Most reviews do not concentrate on CUDA apps, but it’s clear for CUDA we’re seeing very good scaling as expected, even with no code changes.
Folding@Home in particular is about 180% the speed of a GTX285, which is right in line with the SP calculations.
Power and temperatures looks higher than we want, though.
Certainly for CUDA users, the GTX480 is going to be terrific. The gamers will like it, but it’s really great for us!
I reformatted the links assembled by DegustatoR on the B3D forum.
can’t wait to see how much difference the L1/L2 caches make for hydrodynamics and other things, how the clustering experiment this summer will work out and so on… could be very interesting indeed.
The Hexus review states that the GeForce cards limit double precision to 1/8 single precision throughput (vs. 1/2 documented for the architecture in general). Can anyone confirm this?
I’m still digging around the site, so I might have missed the detailed specs.
I’m amazed this release is getting as good a reaction as it is. For me, its a total disaster. Even the GTX 470 is going to cost twice what I was paying for the GTX 260 and yet the texture fill rate (which is basically the bottleneck for my application) is actually LOWER! I can see the L1/L2 cache being great for some applications (and I will probably do some investigation to see if I can afford to stop using the texture cache now) but it seems to come at a very high price.
Precisely. I would need to see something from NVidia. As much as such a move might make sense from a product segmentation standpoint, I’m not sure NVidia would do such a thing. However, if true, it would require me to wait for Tesla, so I’m trying to follow up before ordering something that could (possibly) be useless to me.
No confirmation, but I have already read a similar claim on another site after the deep dive event where the graphics details of the fermi architecture were revealed.
It would certainly be a disappointment if this is true, as at my job using Geforce for development and Tesla for deployment is quite a natural mix, but if this is true algorithms developed on a Geforce might be non-optimal on Tesla…
Yesterday I went to PAX EAST for the official GTX480/470 unveiling in Boston’s Hynes Convention Center. I would estimate there were 2000+ people in the theater for the NVIDIA presentation and many times that outside in the exhibit halls.
Since this was a gamer convention, the NVIDIA theater presentation made no explicit mention of CUDA but the crowd was very impressed with the 3D Vision Surround and the “Rocket Sled” PhysX demos. There wasn’t much talk of frame-rates, instead it was all about more resolution, more features and more realism.
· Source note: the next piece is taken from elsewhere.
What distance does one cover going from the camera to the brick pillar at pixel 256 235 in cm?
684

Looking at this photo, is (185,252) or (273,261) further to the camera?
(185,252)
NVIDIA, PNY and ZOTAC had plenty of demonstration machines all running at 1080p. I can verify that air coming out of the dual-GTX480 SLI boxes was quite warm. External Image
The NVIDIA booth did mention CUDA-powered products like BaDaBoom’s video transcoder.
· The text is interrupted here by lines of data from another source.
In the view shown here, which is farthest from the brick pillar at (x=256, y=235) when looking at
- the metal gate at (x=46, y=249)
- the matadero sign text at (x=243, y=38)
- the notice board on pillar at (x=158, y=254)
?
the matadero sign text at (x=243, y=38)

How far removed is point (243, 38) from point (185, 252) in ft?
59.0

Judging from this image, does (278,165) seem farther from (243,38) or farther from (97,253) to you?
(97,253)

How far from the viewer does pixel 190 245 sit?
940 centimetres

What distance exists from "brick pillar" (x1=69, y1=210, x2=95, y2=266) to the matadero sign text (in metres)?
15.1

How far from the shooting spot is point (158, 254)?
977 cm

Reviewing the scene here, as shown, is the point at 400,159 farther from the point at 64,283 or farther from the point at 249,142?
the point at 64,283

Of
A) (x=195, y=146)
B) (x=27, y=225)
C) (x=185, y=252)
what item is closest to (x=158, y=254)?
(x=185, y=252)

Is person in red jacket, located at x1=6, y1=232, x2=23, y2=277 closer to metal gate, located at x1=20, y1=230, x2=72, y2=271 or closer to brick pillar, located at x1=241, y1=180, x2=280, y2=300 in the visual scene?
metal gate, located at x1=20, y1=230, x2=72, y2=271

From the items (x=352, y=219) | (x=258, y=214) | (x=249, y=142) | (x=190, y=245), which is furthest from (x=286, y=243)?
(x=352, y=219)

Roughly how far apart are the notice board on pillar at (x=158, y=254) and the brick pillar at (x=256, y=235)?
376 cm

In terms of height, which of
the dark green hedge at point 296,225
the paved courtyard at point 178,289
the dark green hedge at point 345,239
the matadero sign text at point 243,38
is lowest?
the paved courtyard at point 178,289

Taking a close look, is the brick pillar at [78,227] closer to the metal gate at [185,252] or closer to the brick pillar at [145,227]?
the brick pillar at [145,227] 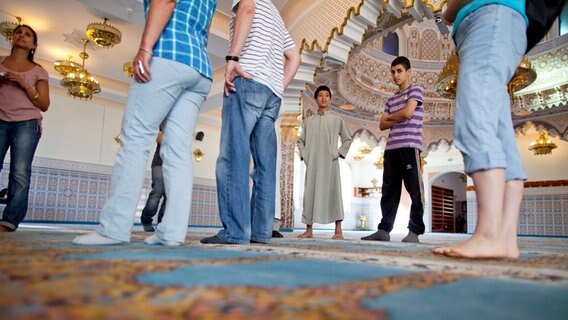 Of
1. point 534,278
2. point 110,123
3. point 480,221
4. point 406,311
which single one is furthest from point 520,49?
point 110,123

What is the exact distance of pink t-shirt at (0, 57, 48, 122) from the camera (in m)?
2.71

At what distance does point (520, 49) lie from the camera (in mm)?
1605

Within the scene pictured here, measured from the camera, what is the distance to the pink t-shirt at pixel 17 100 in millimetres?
2715

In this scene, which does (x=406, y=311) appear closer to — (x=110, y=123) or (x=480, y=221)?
(x=480, y=221)

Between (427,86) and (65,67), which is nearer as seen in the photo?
(65,67)

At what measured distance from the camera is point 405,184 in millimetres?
3188

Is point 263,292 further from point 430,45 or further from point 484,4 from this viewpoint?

I believe that NVIDIA may be able to ramp up marketing of CUDA/GPGPU to the mainstream as more consumer-focused applications start appearing (from the people in this forum!).
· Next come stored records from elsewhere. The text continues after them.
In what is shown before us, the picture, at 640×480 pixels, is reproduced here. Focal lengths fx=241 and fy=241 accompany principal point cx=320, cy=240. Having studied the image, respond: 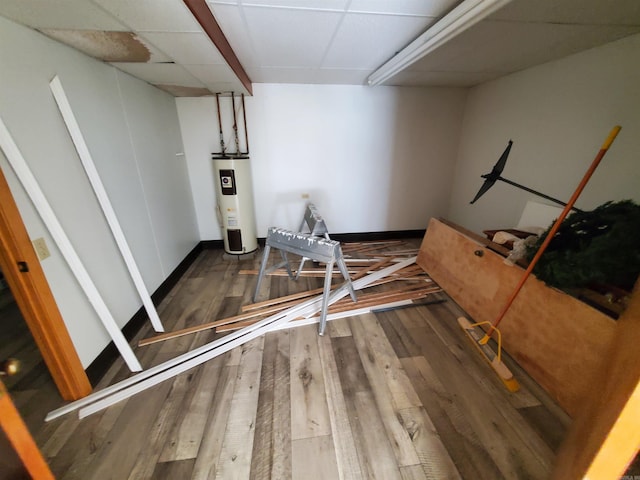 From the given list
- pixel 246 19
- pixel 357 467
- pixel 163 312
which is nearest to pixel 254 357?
pixel 357 467

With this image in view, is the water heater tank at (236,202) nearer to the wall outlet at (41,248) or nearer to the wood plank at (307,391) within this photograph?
the wood plank at (307,391)

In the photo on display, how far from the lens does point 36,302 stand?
4.15 feet

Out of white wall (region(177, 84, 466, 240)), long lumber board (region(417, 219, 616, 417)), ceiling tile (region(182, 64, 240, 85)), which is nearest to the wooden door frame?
ceiling tile (region(182, 64, 240, 85))

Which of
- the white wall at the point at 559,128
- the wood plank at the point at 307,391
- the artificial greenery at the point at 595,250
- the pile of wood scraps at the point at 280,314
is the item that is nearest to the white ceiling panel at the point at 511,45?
the white wall at the point at 559,128

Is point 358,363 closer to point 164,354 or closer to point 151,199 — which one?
point 164,354

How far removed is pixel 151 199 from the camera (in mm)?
2400

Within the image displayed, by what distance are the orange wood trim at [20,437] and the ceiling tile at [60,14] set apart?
5.35 ft

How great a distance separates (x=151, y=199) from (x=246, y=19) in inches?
70.2

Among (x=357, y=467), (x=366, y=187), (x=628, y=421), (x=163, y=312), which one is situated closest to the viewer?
(x=628, y=421)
It’s a very exciting milestone for CUDA developers and partners!
On a sad note, I unfortunately did not win one of the two free GTX480’s that were given away. External Image
So considering that Furmark produces the most thermal stress for an OpenGL graphics application, would anyone know a CUDA equivalent to this? What kind of CUDA code uses the most power? I’d suspect it is compute bound code, but what kind of computation?
Same here. I’ll wait for mid range parts with the GF100 based core logic. Something in the 128-256 CUDA core category. I just hope they don’t cut out double precision entirely like they did with the GT220/GT240 parts.